DATASET EXCERPTS —
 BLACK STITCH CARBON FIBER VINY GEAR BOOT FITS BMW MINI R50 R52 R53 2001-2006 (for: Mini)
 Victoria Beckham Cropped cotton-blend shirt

* * *

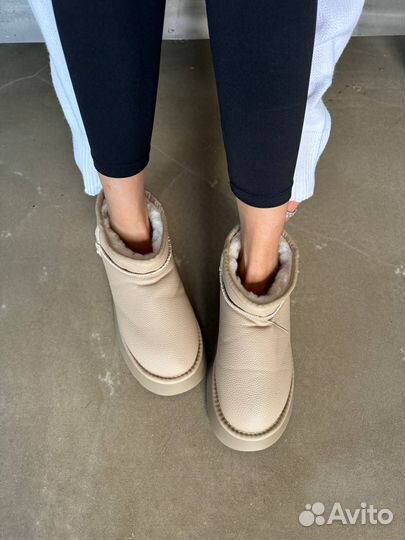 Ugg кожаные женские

...

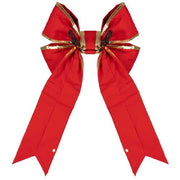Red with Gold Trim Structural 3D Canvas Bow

TASK TO COMPLETE — Write out exactly the lines that fall from the line with "BLACK STITCH CARBON" to the line with "Victoria Beckham Cropped cotton-blend shirt" in the records above, keeping both ends.

TASK RESPONSE —
 BLACK STITCH CARBON FIBER VINY GEAR BOOT FITS BMW MINI R50 R52 R53 2001-2006 (for: Mini)
 Victoria Beckham Cropped cotton-blend shirt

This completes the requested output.